Re: [RFC][PATCHSET] non-recursive link_path_walk() and reducing stack footprint

From: NeilBrown
Date: Thu Apr 23 2015 - 03:45:59 EST


On Wed, 22 Apr 2015 22:05:53 +0100 Al Viro <viro@xxxxxxxxxxxxxxxxxx> wrote:

> On Wed, Apr 22, 2015 at 09:12:38PM +0100, Al Viro wrote:
> > On Wed, Apr 22, 2015 at 07:07:59PM +0100, Al Viro wrote:
> > > And one more: may_follow_link() is now potentially oopsable. Look: suppose
> > > we've reached the link in RCU mode, just as it got unlinked. link->dentry
> > > has become negative and may_follow_link() steps into
> > > /* Allowed if owner and follower match. */
> > > inode = link->dentry->d_inode;
> > > if (uid_eq(current_cred()->fsuid, inode->i_uid))
> > > return 0;
> > > Oops... Incidentally, I suspect that your __read_seqcount_retry() in
> > > follow_link() might be lacking a barrier; why isn't full read_seqcount_retry()
> > > needed?

Blind copy-paste error I suspect.

> > >
> > > FWIW, I would rather fetch ->d_inode *and* checked ->seq proir to calling
> > > get_link(), and passed inode to it as an explicit argument. And passed it
> > > to may_follow_link() as well...
> >
> > Hrm... You know, something really weird is going on here. Where are
> > you setting nd->seq? I don't see anything in follow_link() doing that.
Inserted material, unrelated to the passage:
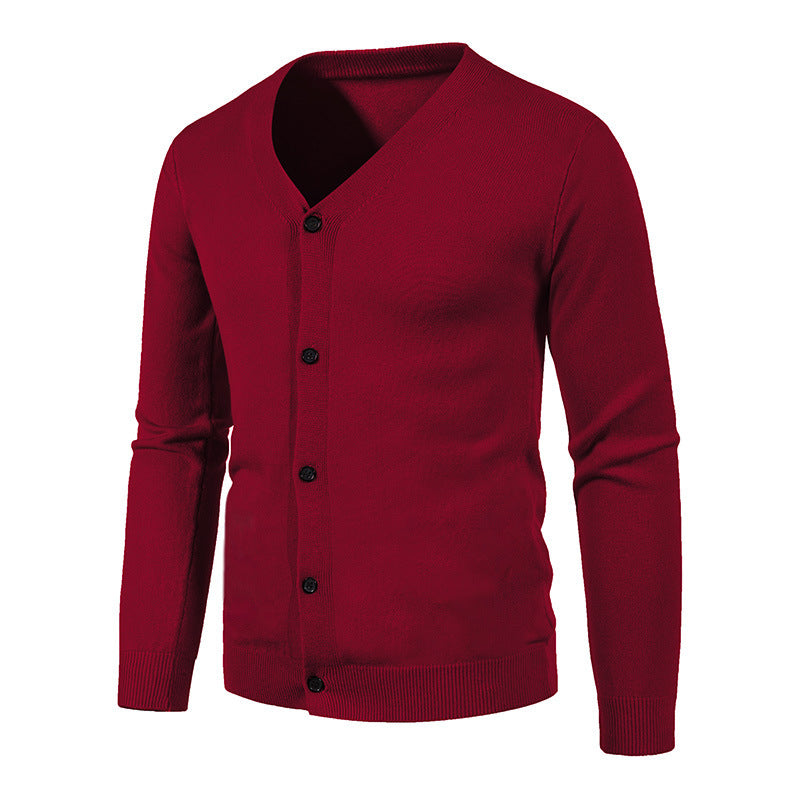 Grof casual jack met V-hals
follow_link calls link_path_walk -> walk_component -> lookup_fast which sets
nd->seq. Is that not enough? I guess not when nd_jump_link is called. Is
that what I missed?


> > And nd->seq _definitely_ needs setting if you want to stay in RCU mode -
> > at that point it matches the dentry of symlink, not that of nd->path
> > (== parent directory). Neil, could you tell me which kernel you'd been
> > testing (ideally - commit ID is a public git tree), what config and what
> > tests had those been?

The 'devel' branch of git://neil.brown.name/md, which is based on 4.0-rc7.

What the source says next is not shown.